▸ **Records provided**
####################

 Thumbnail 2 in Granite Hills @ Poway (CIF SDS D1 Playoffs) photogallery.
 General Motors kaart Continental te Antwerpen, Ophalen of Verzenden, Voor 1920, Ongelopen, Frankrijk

####################

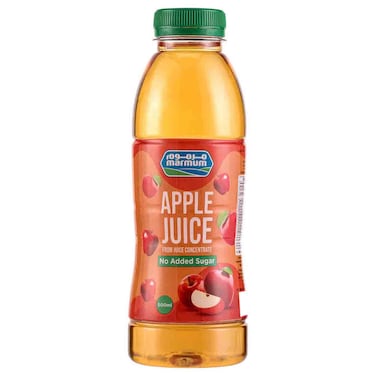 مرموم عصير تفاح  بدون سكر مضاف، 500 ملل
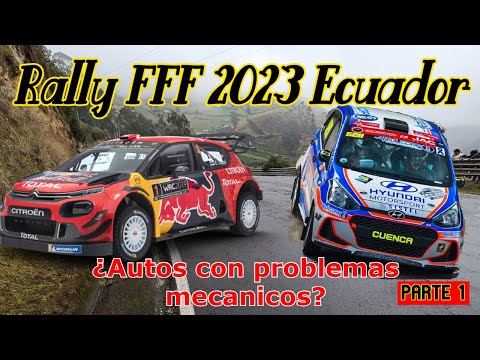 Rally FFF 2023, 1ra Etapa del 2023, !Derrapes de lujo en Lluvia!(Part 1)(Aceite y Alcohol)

####################

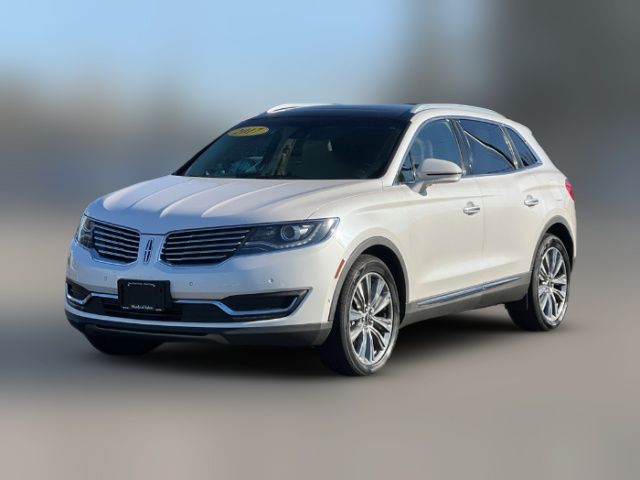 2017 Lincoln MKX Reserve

####################

▸ **Required action**
Text only, no pictures: please print exactly the lines above from the line with "مرموم عصير تفاح" up to and including the line with "Rally FFF 2023, 1ra", and nothing else.

▸ **Answer**
 مرموم عصير تفاح  بدون سكر مضاف، 500 ملل
 Rally FFF 2023, 1ra Etapa del 2023, !Derrapes de lujo en Lluvia!(Part 1)(Aceite y Alcohol)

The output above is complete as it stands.